E’ stata la direzione dello scalo di Genova – Sestri a chiedere all’Enac di trovare una soluzione che consentisse l’imbarco del pesto sull’aereo. Sia di quello acquistato in negozio, sia di quello fatto in casa. La richiesta è stata accolta: dal primo giugno 2017 il pesto potrà sorvolare anche gli oceani. Sarà sufficiente che sia in vasetti tra i 100 e i 500 millilitri e potrà venire imbarcato da chi parte dal ‘Cristoforo Colombo’. Certo, la procedura non è delle più semplici e potrebbe comunque scoraggiare qualche visitatore. Ma la bontà del pesto merita qualche inghippo burocratico, no?
I passeggeri dovranno richiedere nei negozi convenzionati o in aeroporto e biglietteria, se si tratta di pesto casalingo,
un bollino da apporre sul vasetto del costo di 50 centesimi, soldi che finiranno in beneficenza alla Fondazione ‘Flying Angels Onlus’. I vasetti senza bollino verranno esaminati – la procedura dura pochi secondi – con un apparecchio radiogeno prima di venire riconsegnati al possessore, questa volta però con il bollino. A quel punto, ci si potrà imbarcare sull’aereo senza problema alcuno. Pregustando il condimento per i primi (e non solo).

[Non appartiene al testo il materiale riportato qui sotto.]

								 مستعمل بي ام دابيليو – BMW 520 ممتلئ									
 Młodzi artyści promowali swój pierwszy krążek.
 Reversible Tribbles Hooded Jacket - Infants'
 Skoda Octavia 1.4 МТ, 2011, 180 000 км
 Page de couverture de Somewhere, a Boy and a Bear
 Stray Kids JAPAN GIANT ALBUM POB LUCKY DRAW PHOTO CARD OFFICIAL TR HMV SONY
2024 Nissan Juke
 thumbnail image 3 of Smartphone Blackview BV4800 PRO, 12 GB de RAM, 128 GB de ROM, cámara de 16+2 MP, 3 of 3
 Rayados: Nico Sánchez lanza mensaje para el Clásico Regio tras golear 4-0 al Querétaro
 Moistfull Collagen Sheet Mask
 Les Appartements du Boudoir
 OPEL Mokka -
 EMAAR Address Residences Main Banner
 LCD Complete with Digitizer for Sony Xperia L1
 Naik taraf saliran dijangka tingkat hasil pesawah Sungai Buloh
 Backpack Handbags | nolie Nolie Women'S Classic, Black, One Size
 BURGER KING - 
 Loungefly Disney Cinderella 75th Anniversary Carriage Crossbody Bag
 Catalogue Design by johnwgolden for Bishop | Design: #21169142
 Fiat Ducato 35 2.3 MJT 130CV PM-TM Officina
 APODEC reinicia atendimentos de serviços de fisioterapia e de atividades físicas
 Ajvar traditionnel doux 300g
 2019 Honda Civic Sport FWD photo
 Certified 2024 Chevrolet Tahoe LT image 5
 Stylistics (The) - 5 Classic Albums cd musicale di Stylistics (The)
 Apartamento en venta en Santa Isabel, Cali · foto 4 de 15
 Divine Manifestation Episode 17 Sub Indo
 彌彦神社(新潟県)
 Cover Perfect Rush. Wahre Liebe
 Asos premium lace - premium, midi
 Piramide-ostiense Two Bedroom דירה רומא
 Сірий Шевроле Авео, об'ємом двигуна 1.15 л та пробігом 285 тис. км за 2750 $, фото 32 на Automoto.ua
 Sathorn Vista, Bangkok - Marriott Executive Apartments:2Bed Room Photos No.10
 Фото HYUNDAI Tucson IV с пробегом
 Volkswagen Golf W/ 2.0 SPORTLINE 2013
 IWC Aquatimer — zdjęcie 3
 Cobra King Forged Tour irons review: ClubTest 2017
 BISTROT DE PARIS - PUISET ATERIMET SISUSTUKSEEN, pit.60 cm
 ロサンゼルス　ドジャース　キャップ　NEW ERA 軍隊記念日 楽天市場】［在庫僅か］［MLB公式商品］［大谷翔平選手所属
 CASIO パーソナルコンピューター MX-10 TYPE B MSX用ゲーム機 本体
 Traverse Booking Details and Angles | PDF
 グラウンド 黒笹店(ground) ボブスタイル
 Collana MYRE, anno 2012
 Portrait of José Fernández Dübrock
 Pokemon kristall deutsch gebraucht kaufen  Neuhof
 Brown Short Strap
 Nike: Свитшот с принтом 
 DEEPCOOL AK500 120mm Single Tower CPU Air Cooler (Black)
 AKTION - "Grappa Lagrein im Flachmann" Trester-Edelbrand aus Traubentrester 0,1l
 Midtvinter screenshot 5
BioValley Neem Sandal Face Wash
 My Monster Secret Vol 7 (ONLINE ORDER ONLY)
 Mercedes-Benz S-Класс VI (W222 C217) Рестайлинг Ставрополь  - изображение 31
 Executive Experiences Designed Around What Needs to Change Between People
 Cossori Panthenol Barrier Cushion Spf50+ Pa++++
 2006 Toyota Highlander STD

A proposito, sapete cosa verrà scritto sull’etichetta che dà il permesso di volare pure al pesto? “Il pesto è buono”. Frase dal duplice significato. E’ buono per volare, certo, ma ovviamente pure da mangiare. Altrimenti chi farebbe tutta la trafila burocratica? Da questo punto di vista, l’Italia – e Genova in particolare – fa un passo avanti rispetto ad altri Paesi. La Francia, per esempio, non fa passare i formaggi duri come il parmigiano, ma chiude un occhio su quelli molli come il camembert (sano nazionalismo, evidentemente). E negli aeroporti transalpini, non capita raramente di vedere grosse forme di parmigiano abbandonate (e portate a casa, si presume, da chi fa i controlli). Gli unici prodotti autorizzati a partire sono quelli che si comprano, ad altissimo prezzo, una volta passato il varco dei controlli di sicurezza.